Chapter IV of Parents and Children by Charlotte Mason continues with the role of parents as inspirers. She states that the life of the mind grows upon ideas and it is the duty of parents to sustain, nourish and keep alive their child's inner life with ideas just as they sustain their bodies with food.
'Sow an act, reap a habit; sow a habit, reap a character; sow a character, reap a destiny.'
This was a common saying in the 19th Century and has been attributed to a number of people including the writer William Makepeace Thackeray, and the poet, Ralph Waldo Emerson.
The idea is that the destiny of child is determined by his parents in the sense that they (or others to whom they delegate) are the ones who are the first to sow into a child's life.
So what are we to sow?
It is the only educational seed we have in our possession.
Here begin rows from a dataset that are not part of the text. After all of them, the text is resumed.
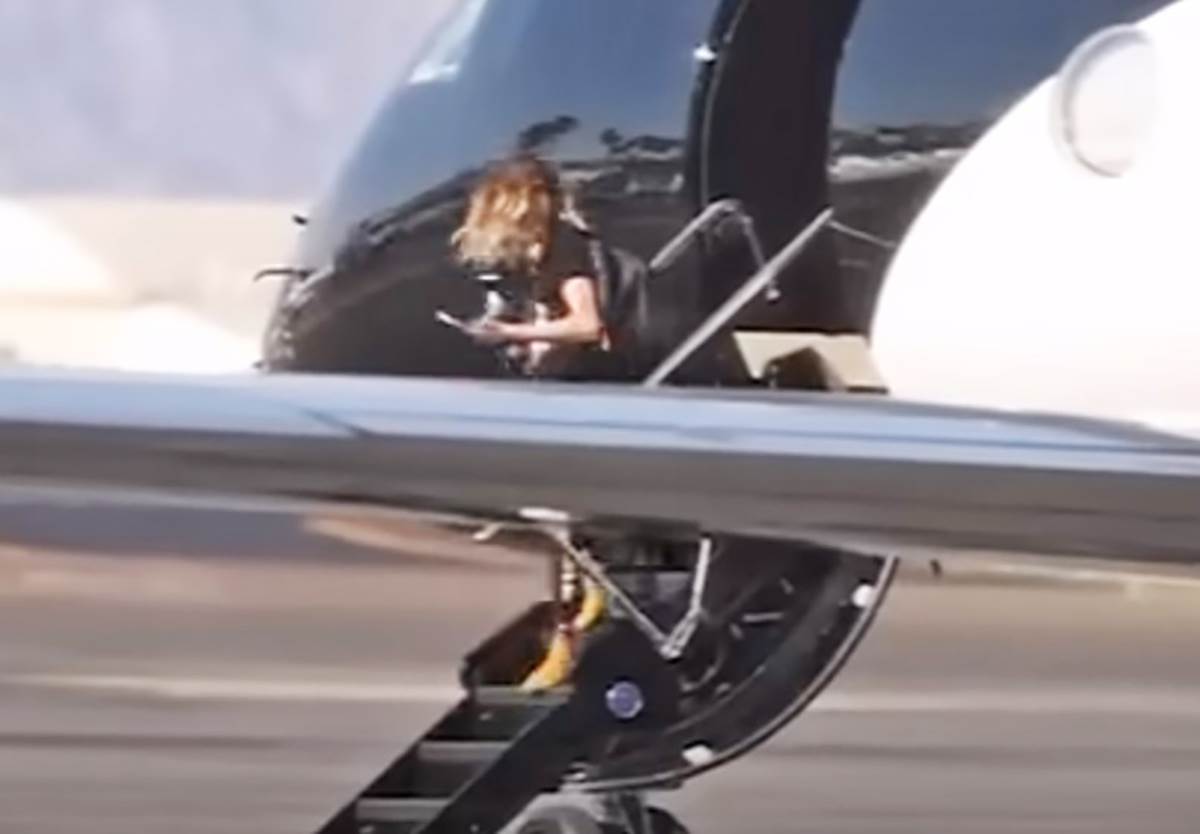 Kara Delevinj raščupana i prljava na aerodromu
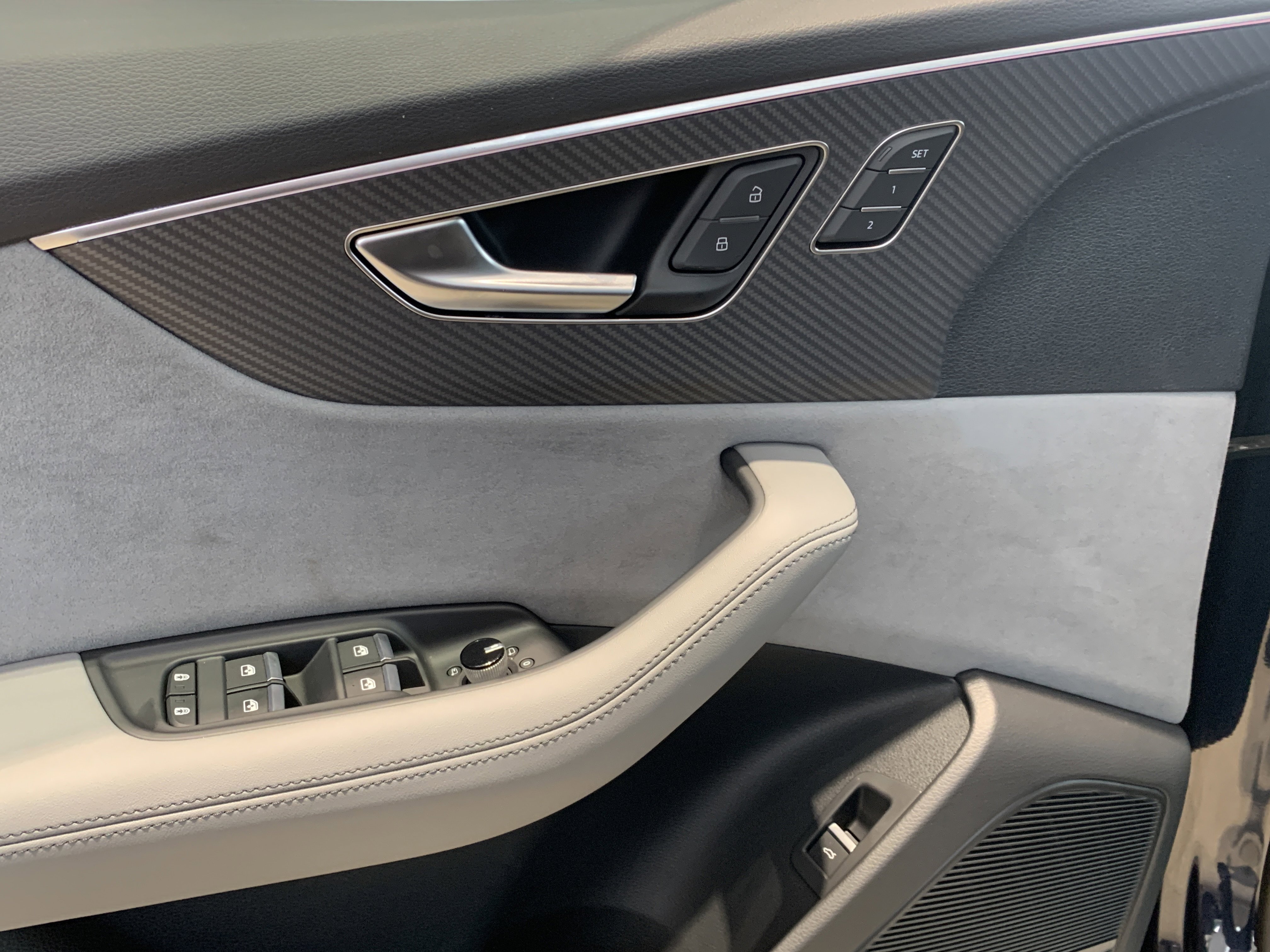 New 2026 Audi SQ8 Premium Plus image 11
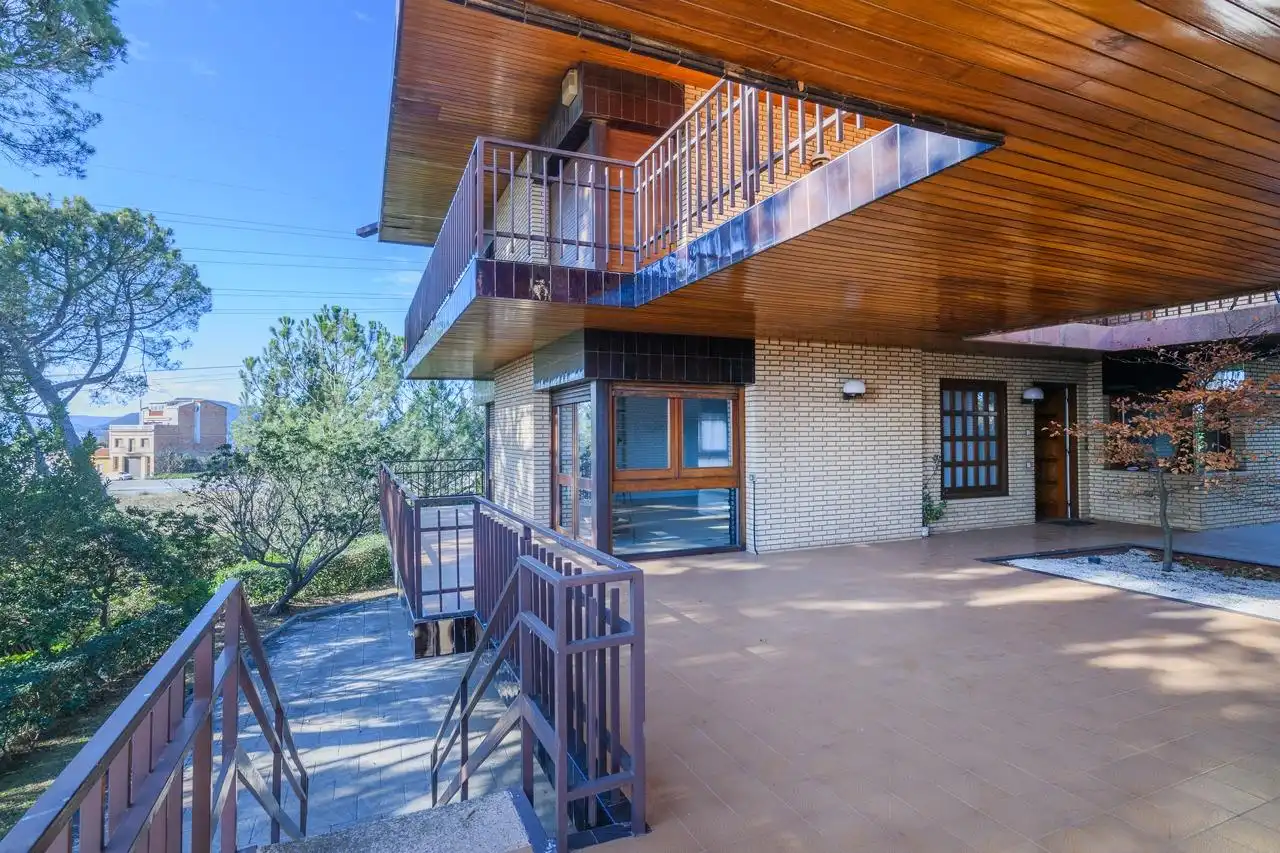 Exterior view of Houses for sale in Manresa  with Air Conditioner, Heating and Private garden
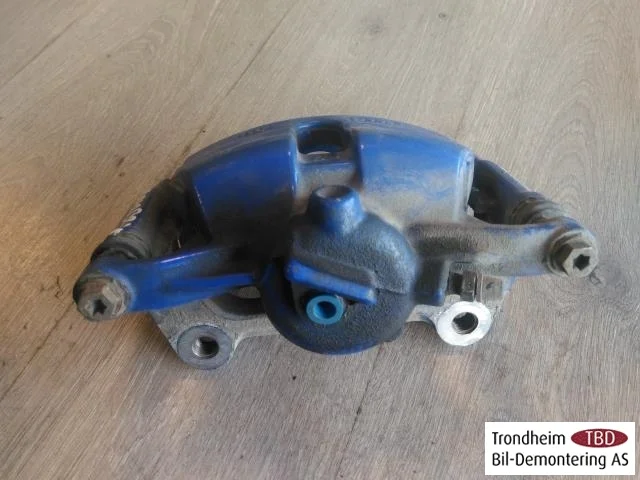 Volkswagen GOLF, E-GOLF VII 2013-20 Front right brake caliper view 2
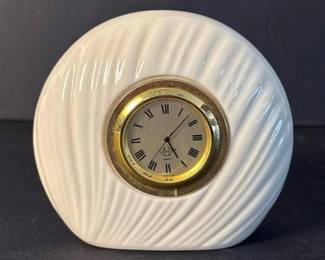 193 lenoxquartzshellshapedporcelaindesk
Sowing a seed and waiting for it to sprout and grow is a faith step in the natural world - the seed has no resemblance to the mature plant. When we sow an 'idea' we also take a step of faith.
CM briefly mentions some of the educational theories underpinning the work of people such as Pestalozzi and Froebel and the 'pleasing and easy' belief that education is formative; that the role of the educator is to develop the 'faculties.'
The problem she saw was that all our thoughts about education are wrong and rest on false foundations and that the most complete and adequate definition of education that we have is:
Education is an atmosphere, a discipline, a life.
Parents are very jealous over the individuality of their children; they mistrust the tendency to develop all in the same plan; and this instinctive jealousy is right (!!).
Charlotte Mason, writing this book over a hundred years ago, believed that our fear of our children developing like peas in a pod because of systematic educational efforts directed towards the drawing out of faculties were groundless:
We may believe that the personality, the individuality, of each of us, is too dear to God, and too necessary to a complete humanity to be left at the mercy of empirics (experimentation).
I wonder what CM would say about this now. She died in 1923 and a year later H.L. Mencken wrote the following:
"...the aim of public education is not to fill the young of the species with knowledge and awaken their intelligence. … Nothing could be further from the truth. The aim …is simply to reduce as many individuals as possible to the same safe level, to breed and train a standardized citizenry, to put down dissent and originality. That is its aim in the United States… and that is its aim everywhere else.”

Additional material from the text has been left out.